SUPPLIED RECORDS ::

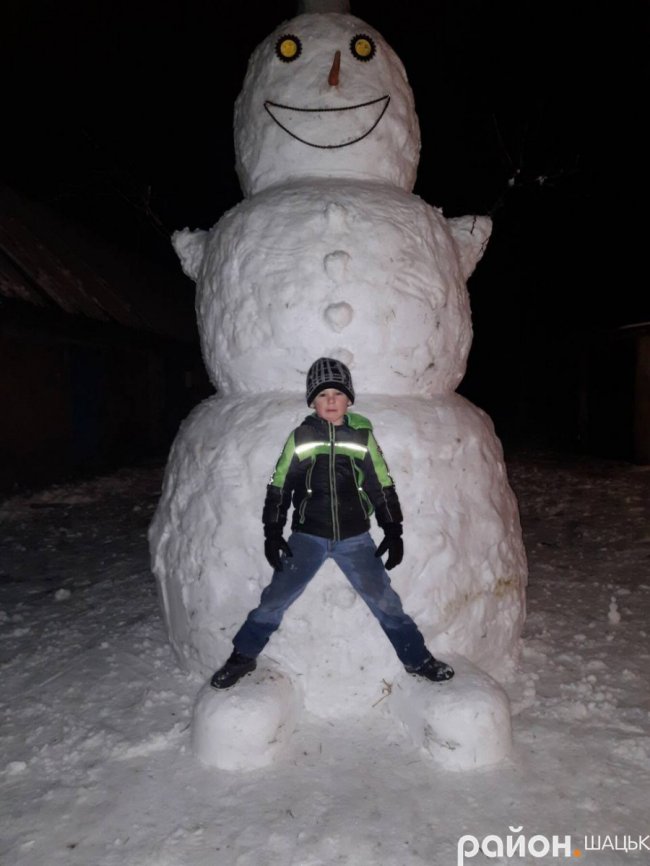 Сім'я з Волині зліпила гігантського сніговика. ФОТО
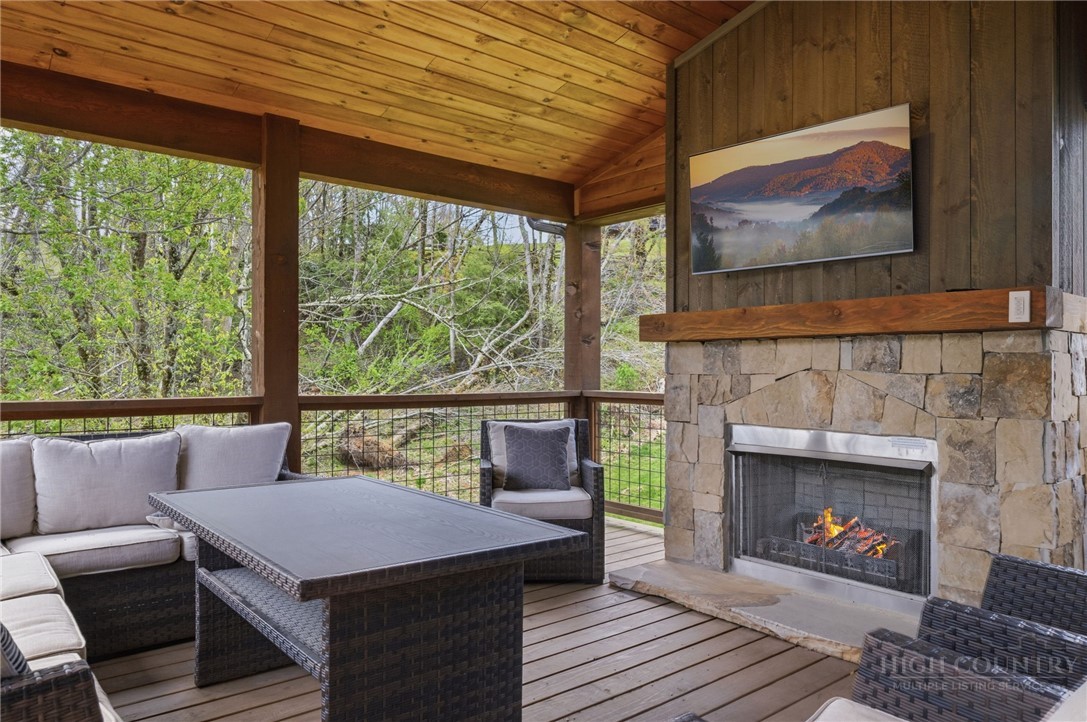 273 High Country Overlook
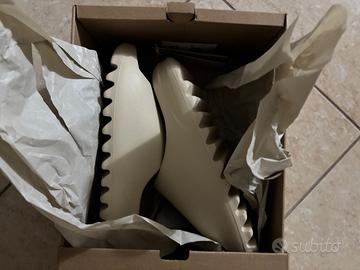 Adidas yeezy slide bone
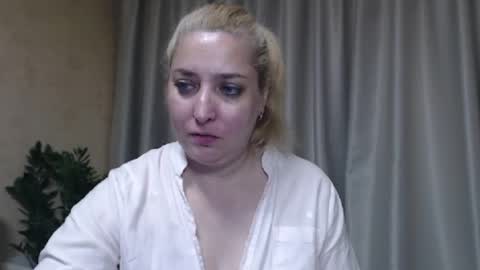 Snapshot of ohsweetiren chatting on 06.13.26 Iren online show from 06.13.26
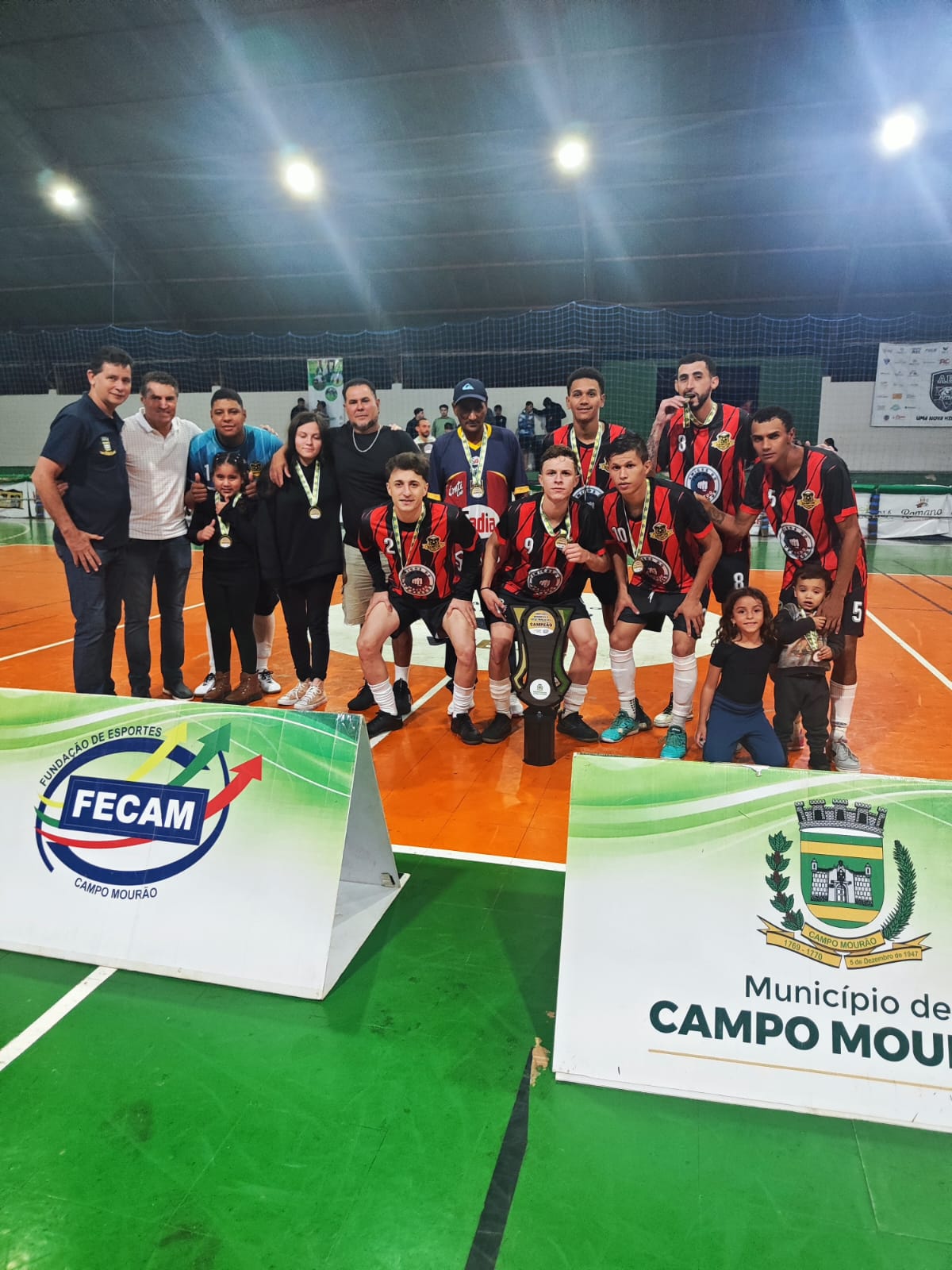 Damferi fatura o título do Campeonato Popular de Futsal de Campo Mourão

WORK TO BE COMPLETED :: Without altering a word, return all of the records above and leave out their pictures.

EXPECTED ANSWER ::
 Сім'я з Волині зліпила гігантського сніговика. ФОТО
 273 High Country Overlook
 Adidas yeezy slide bone
 Snapshot of ohsweetiren chatting on 06.13.26 Iren online show from 06.13.26
 Damferi fatura o título do Campeonato Popular de Futsal de Campo Mourão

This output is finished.